Trzymałem ciężkie pudła, które chciałem by mi pomogła wnieść na górę. Ta od razu zjawiła się na dole w ekspresowym tempie.

-Mogliście zadzwonić, że już przyjechaliście.- burknęła w moją stronę, po czym wyszła z mieszkania i ruszyła do auta, które przywiozło graty wnoszone przeze mnie.

Ja kierowałem się z tymi dwoma pudłami w stronę mojego pokoju. Kiedy kładłem je przed moimi drzwiami poczułem, że ktoś za mną stoi. W momencie gdy się obróciłem, ujrzałem mojego chłopaka. Czekał aż się odsunę, ponieważ także trzymał pewne rzeczy w rękach, które chciał odłożyć w to samo miejsce co ja. Przesunąłem się, po czym zamierzałem zejść do wyjścia, ale zostałem zatrzymany przez czarnowłosego. Szybko odłożył to, co miał, by móc objąć mnie w talii. Od razu odczułem motyle w brzuchu, czego nie chciałem dać po sobie poznać.

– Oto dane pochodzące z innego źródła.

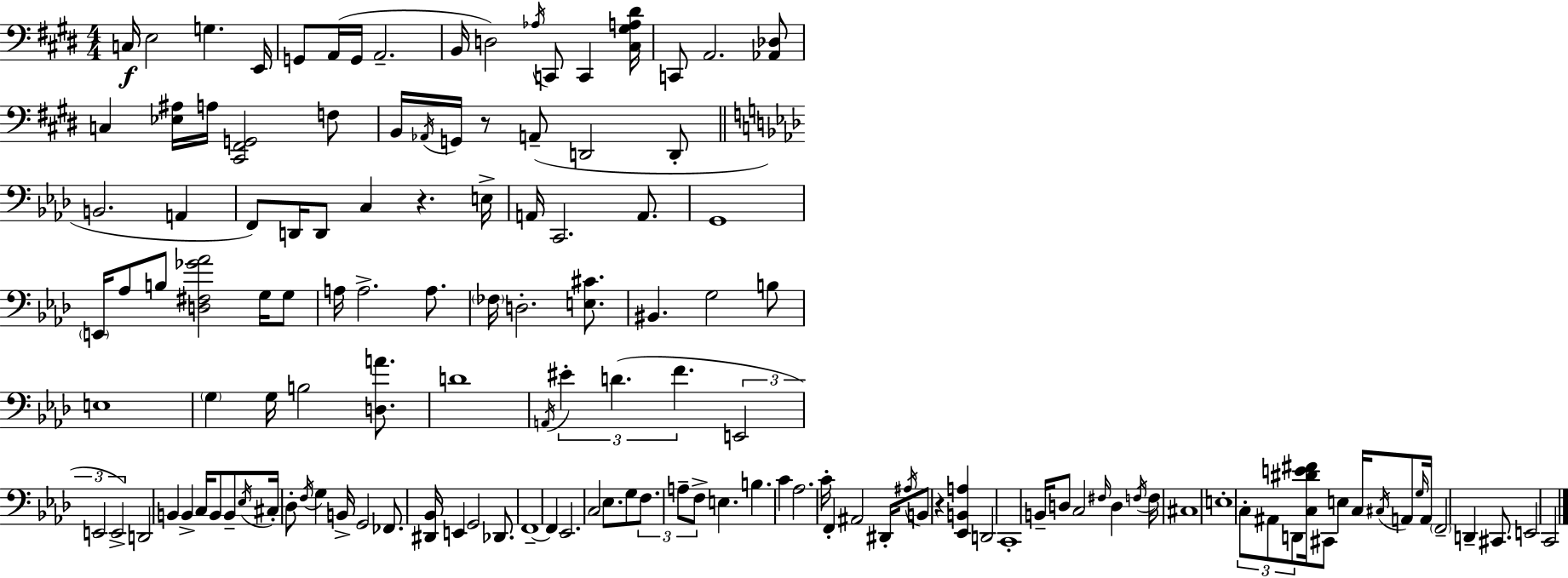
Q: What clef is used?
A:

-Potrzebuję chwili czułości.- wyszeptał mi do ucha, nadal mnie nie puszczając.

-Lepiej nie marnujmy go teraz. Potem będziesz mógł się na przytulać ile chcesz.- wydukałem, próbując wyzwolić się z jego uścisku.

-Później to ja planuję coś bardziej aktywnego z tobą robić.- wymruczał seksownie, a następnie wypuścił mnie z objęć i zaczął schodzić z pierwszego piętra. -Jeżeli chcesz, możemy połączyć obie te czynności!- krzyknął złośliwe, zostawiając mnie z wielkimi rumieńcami na twarzy. Wyszedłem prędko na powietrze, by ochłonąć, ponieważ nagle zrobiło mi się gorąco.

***********

Gdy już wszystko zanieśliśmy do mojego pokoju i część rzeczy wypakowaliśmy, to w trójkę zasiedliśmy w kuchni przy herbacie.

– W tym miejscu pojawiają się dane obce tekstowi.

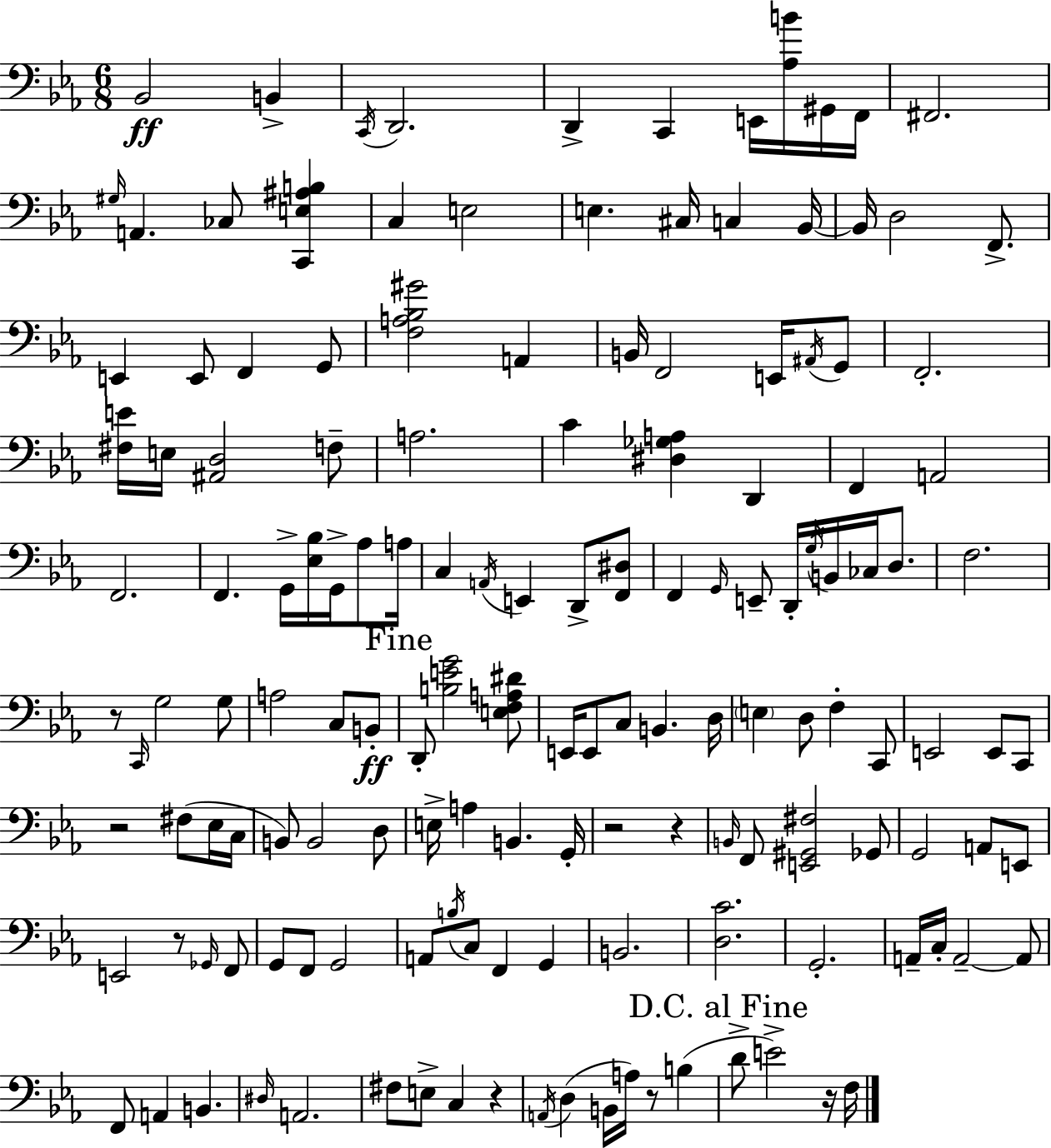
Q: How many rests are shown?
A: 8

-Nie sądziłam, że po dwóch miesiącach waszego związku będziecie chcieli zamieszkać razem.- oznajmiła Mia z szerokim uśmiechem na twarzy. Przyglądała się nam jakbyśmy byli manekinami na wystawie sklepowej.

-Nie mogę wytrzymać ani chwili dłużej, jeżeli nie ma go przy mnie.- odparł Jaebum, obejmując moją talię swoją ręką.

Ton z jakim to mówił i to, co przy tym zrobił, wywołały u mnie przyjemne dreszcze. Nadal nie mogłem uwierzyć, że wpływa na mnie w ten sposób inny mężczyzna.

-Ale wam zazdroszczę!- syknęła moja przyjaciółka. -Jackson od momentu kiedy zgodziłam się z nim być, nie robi żadnych kroków w przód. Powoli mnie to irytuje, a wy jesteście jak papużki nierozłączki.- mówiła pretensjonalnym głosem. Jej wyraz twarzy jeszcze bardziej to podkreślał.

-On po prostu nie wie w jaki sposób byś chciała, by okazywał swoje emocje względem ciebie.

Słowa, które wypowiedział Im, mnie zaskoczyły. Od teraz będzie wujkiem dobrą radą i ciepłą kluchą? Zaczynałem zauważać, że jego playboyowate zachowanie było chyba tylko po to, by zwrócić moją uwagę.

-Naprawdę? To sobie z nim o tym pogadam. Dzięki Jaebum, na ciebie zawsze można liczyć w tych sprawach.- Po tej zawziętej dyskusji, pobiegła szybko się przebrać i wyszła w pośpiechu z mieszkania z telefonem w ręce. Byłem pewny na sto procent, że nie wróci dziś na noc.

-No... to co powiesz na to byśmy poszli do naszego pokoju?- Zaproponował mój chłopak, na co się zgodziłem, bo byłem bardzo przemęczony tą przeprowadzką, więc miałem ochotę położyć się spać.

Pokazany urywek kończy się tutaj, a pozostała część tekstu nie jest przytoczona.